1.12 Impairment of Assets :

The Company, at each balance sheet date, assesses whether there is any indication that an individual asset or group of assets constituting a Cash Generating Unit (CGU) may be impaired. Provision for impairment loss is recognized where the recoverable amount of an asset or a CGU, is less than its carrying amount. Provisions for impairment losses recognized in earlier years are further reviewed at each balance sheet date and adjusted for changes in the estimated recoverable amount of asset / CGU.

1.13 Provisions, Contingent Liabilities and Contingent Assets :

Provisions involving a substantial degree of estimation in measurement are recognized when there is a present obligation as a result of past events and it is probable that there will be an outflow of resources. Contingent liabilities are not recognized but are disclosed in the financial statements. Contingent Assets are neither recognized nor disclosed in the financial statements.

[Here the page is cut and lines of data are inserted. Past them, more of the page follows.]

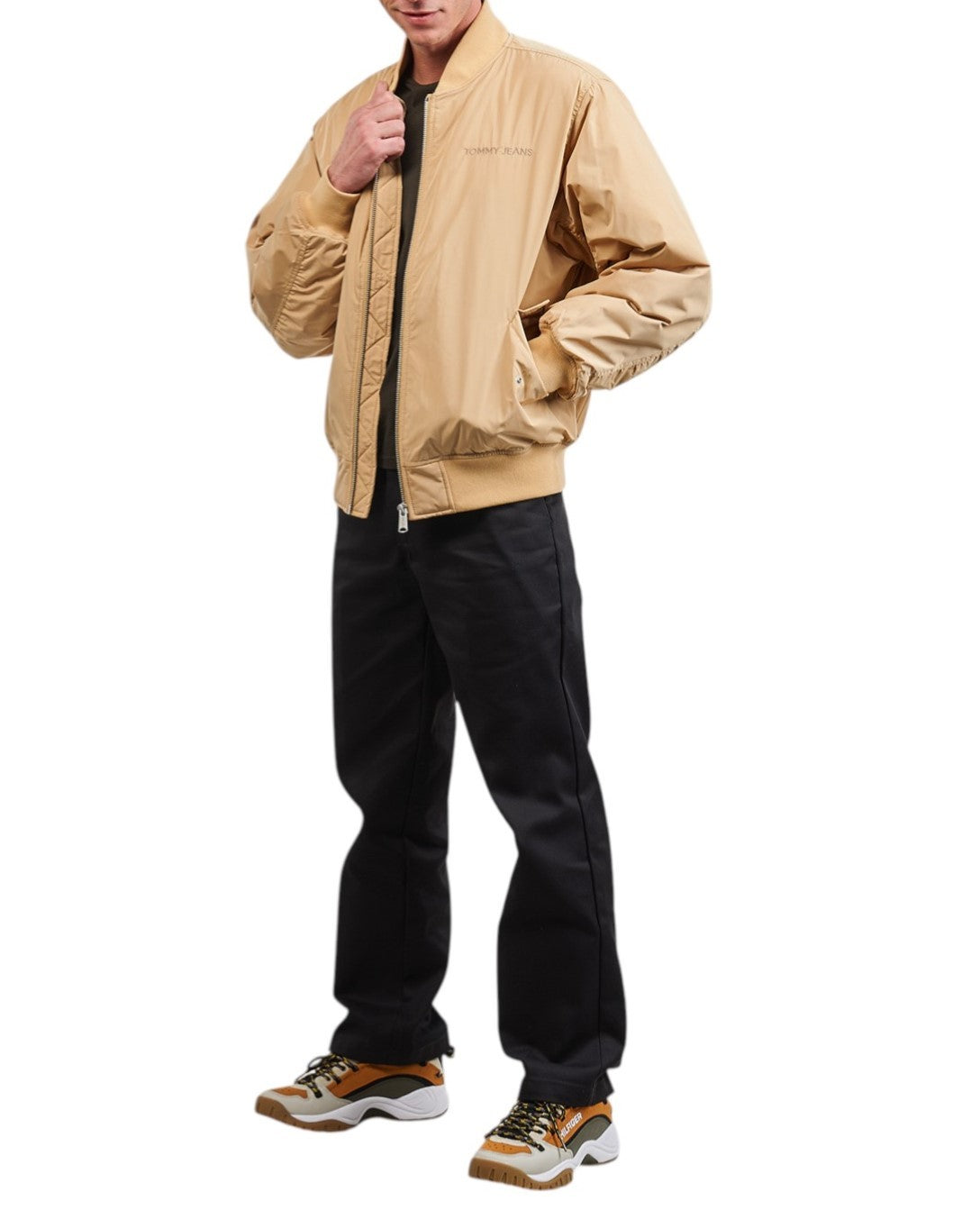 TOMMY HILFIGER Classics Bomber Men Jacket XL Beige Padded Zipper Bomber RR209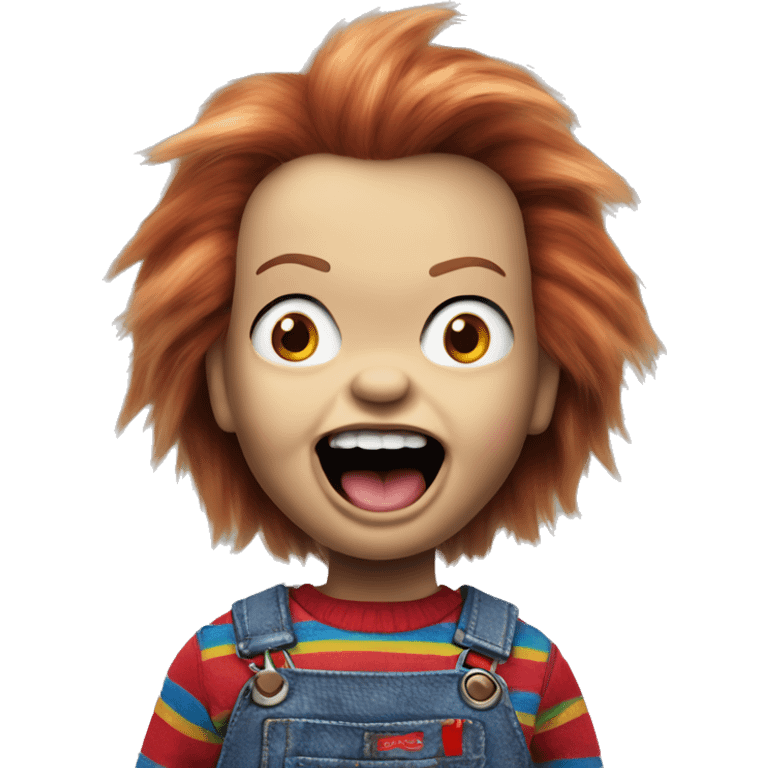 Chucky doll with tongue out  emoji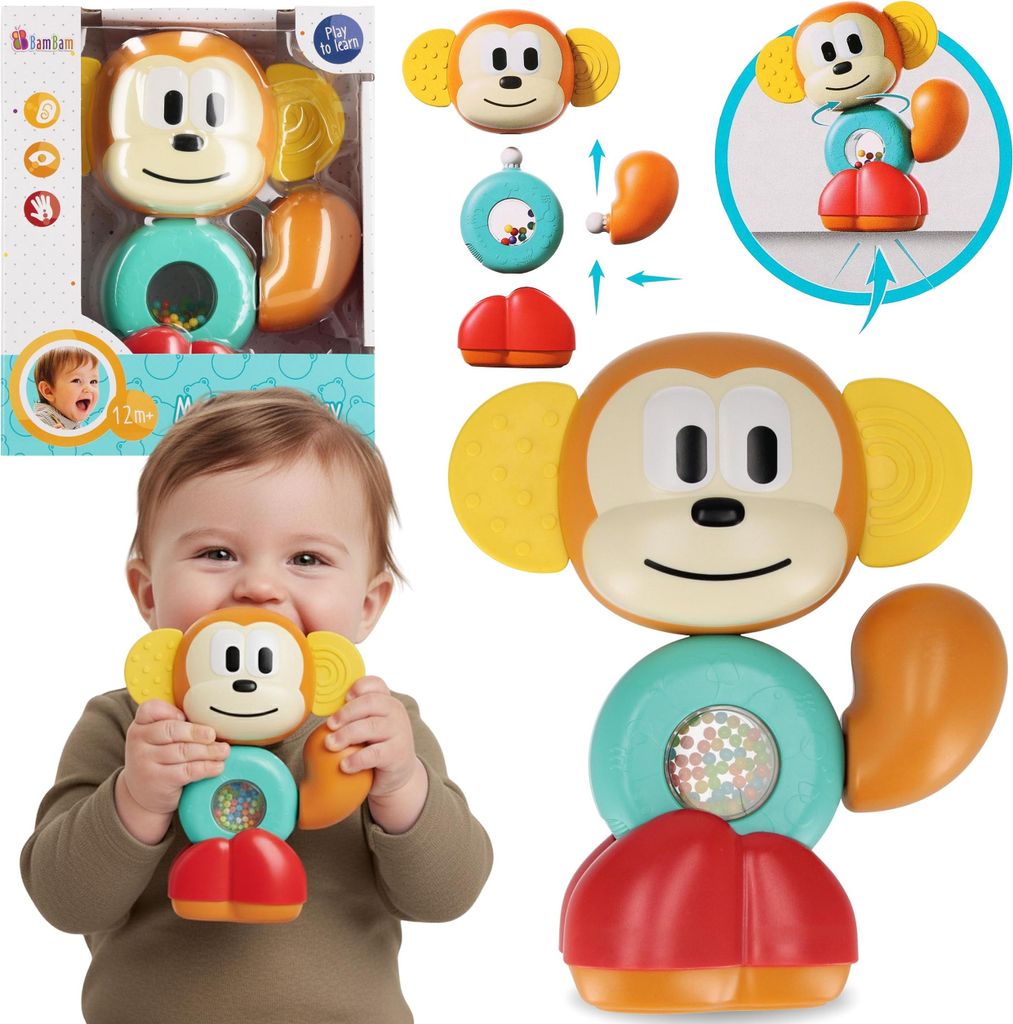 Bam Bam Modulares Spielzeug, fröhliche Affenrassel, sprachfördernder Beißring für Kinder, sensorisch, 12m+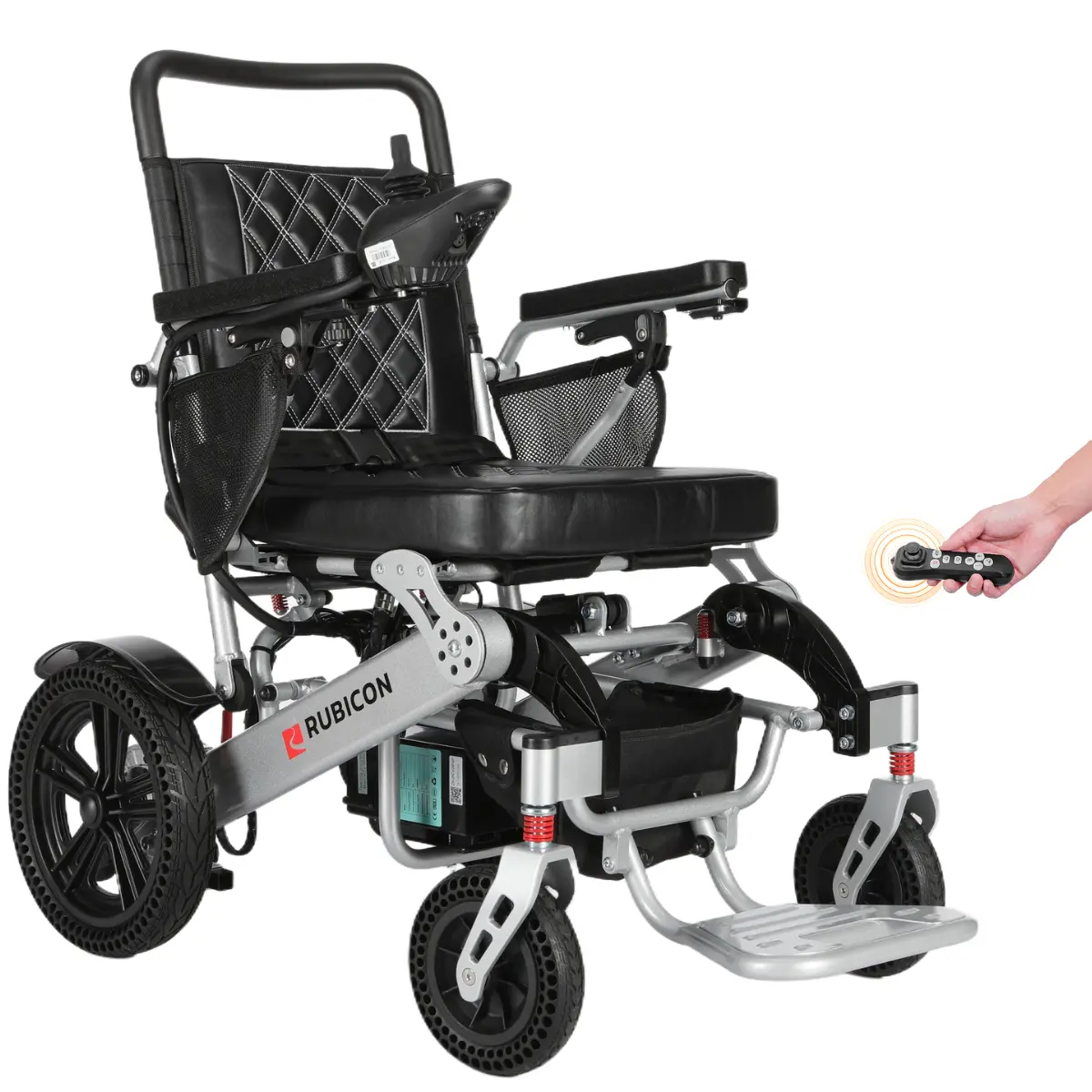 Rubicon Dx17 - Automatic Folding & Unfolding Portable Electric Wheelchair: Collapsible, Lightweight & All Terrain | Dual Motor Power Wheelchair 1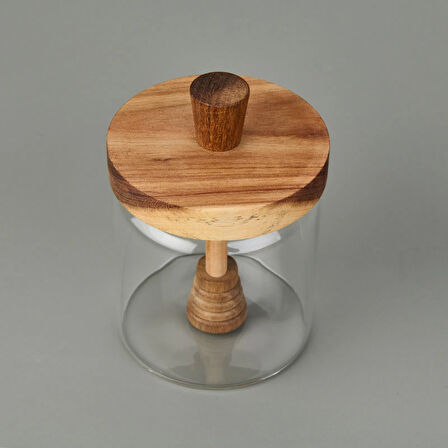 Akasya Kapaklı Kavanoz - Kahverengi / Şeffaf - 450 ml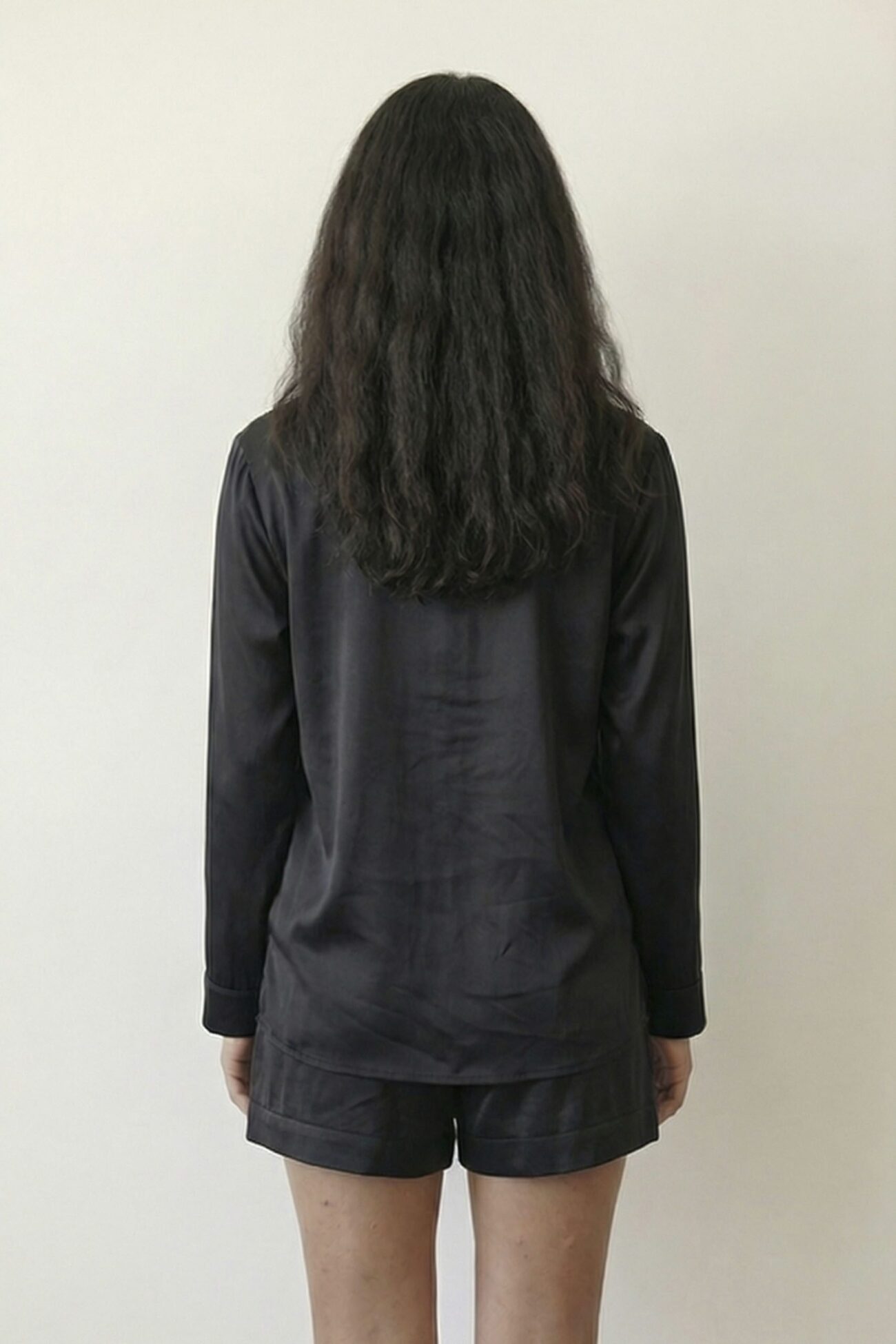 Plain Black Satin Pajama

1.14 Assets taken on lease :

Assets taken on finance lease are accounted in accordance with Accounting Standard 19 on Leases. Lease payments are apportioned between finance charges and reduction of outstanding liabilities.

1.15 Cash flow statement :

Cash flows are reported using the Indirect Method, whereby profit / (loss) before tax is adjusted for the effects of transactions of non-cash nature and any deferrals or accruals of past or future cash receipts or payments. The cash flows from operating, investing and financing activities of the Company are segregated based on the available information.

1.16 Cash and bank balances :

Cash and cash equivalents comprise cash and cash on deposit with banks and corporations. The Company considers all highly liquid investments with a remaining maturity at the date of purchase of three months or less and that are readily convertible to known amounts of cash to be cash equivalents.

1.17 Earnings Per Share :

Basic earnings per share are calculated by dividing the net profit or loss for the period attributable to equity shareholders (after deducting preference dividends and attributable taxes) by the weighted average number of equity shares outstanding during the period.

For the purpose of calculating diluted earning per share, the net profit or loss for the period attributable to equity shareholders and the weighted average number of equity shares outstanding during the period are adjusted for the effects of all dilutive potential equity shares.